## [What is needed]
Please reproduce the lines of the records below from the one holding "Voltmeter line icon, outline" through the one holding "a_song_of_ice_and_fire animal_focus anthony_avon", inclusive, skipping all pictures.

## [Data section]
-- -- --

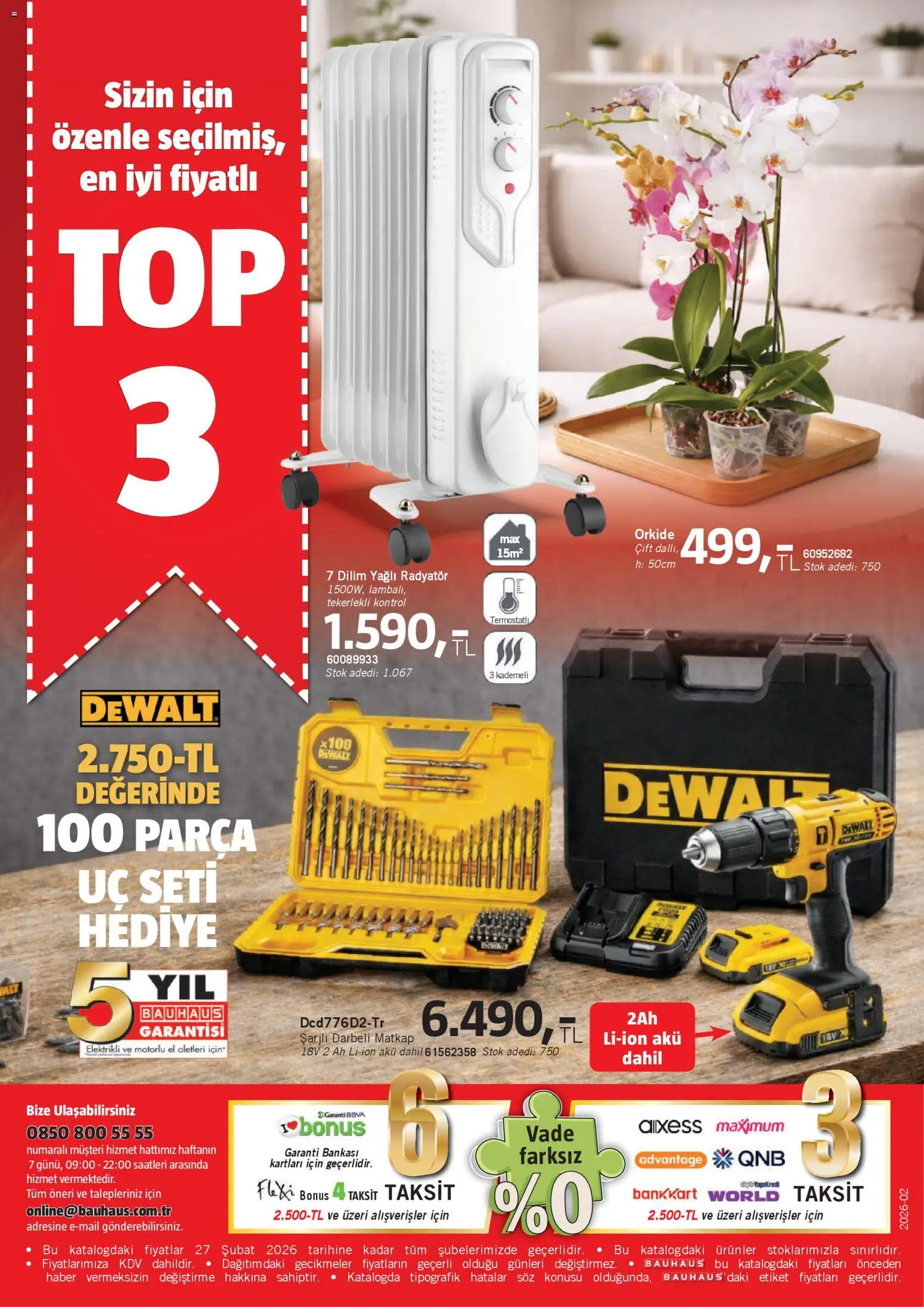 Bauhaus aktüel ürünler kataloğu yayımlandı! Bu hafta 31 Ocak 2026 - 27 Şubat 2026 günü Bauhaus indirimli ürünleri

-- -- --

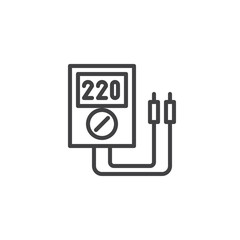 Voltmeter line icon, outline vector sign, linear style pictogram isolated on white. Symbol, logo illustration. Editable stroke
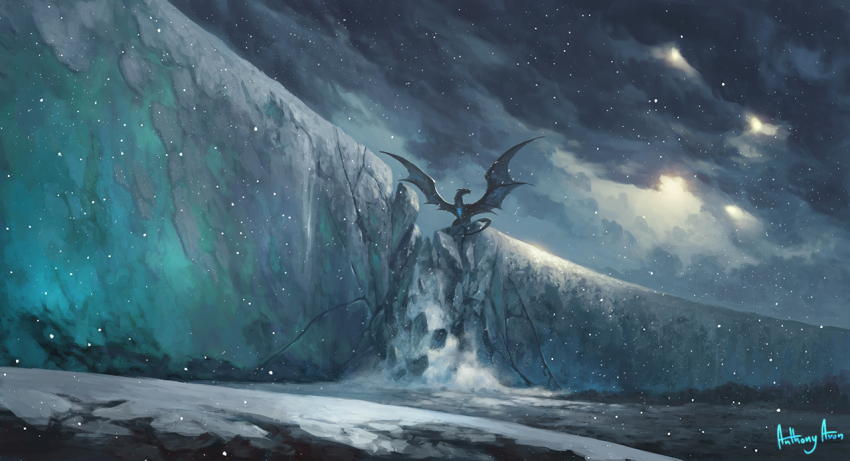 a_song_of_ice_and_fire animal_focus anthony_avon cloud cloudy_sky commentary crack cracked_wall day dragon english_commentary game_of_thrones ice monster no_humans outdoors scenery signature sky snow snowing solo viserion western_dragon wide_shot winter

-- -- --

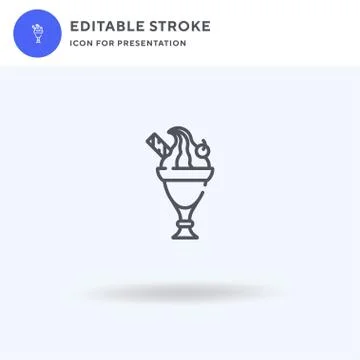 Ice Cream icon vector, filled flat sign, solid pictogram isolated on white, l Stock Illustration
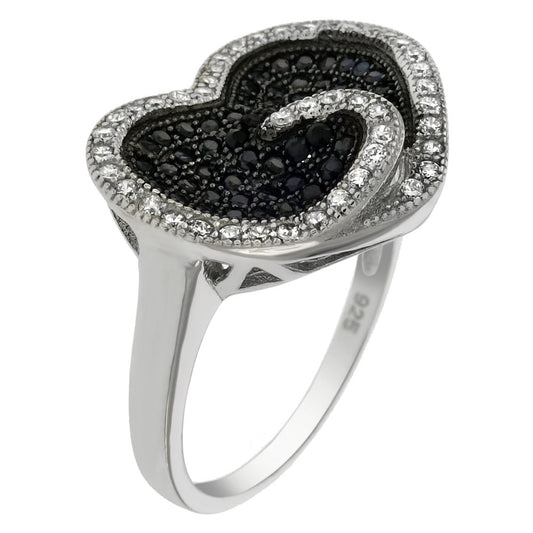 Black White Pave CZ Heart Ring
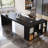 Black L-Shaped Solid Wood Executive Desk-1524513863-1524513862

-- -- --

## [Solved exercise]
 Voltmeter line icon, outline vector sign, linear style pictogram isolated on white. Symbol, logo illustration. Editable stroke
 a_song_of_ice_and_fire animal_focus anthony_avon cloud cloudy_sky commentary crack cracked_wall day dragon english_commentary game_of_thrones ice monster no_humans outdoors scenery signature sky snow snowing solo viserion western_dragon wide_shot winter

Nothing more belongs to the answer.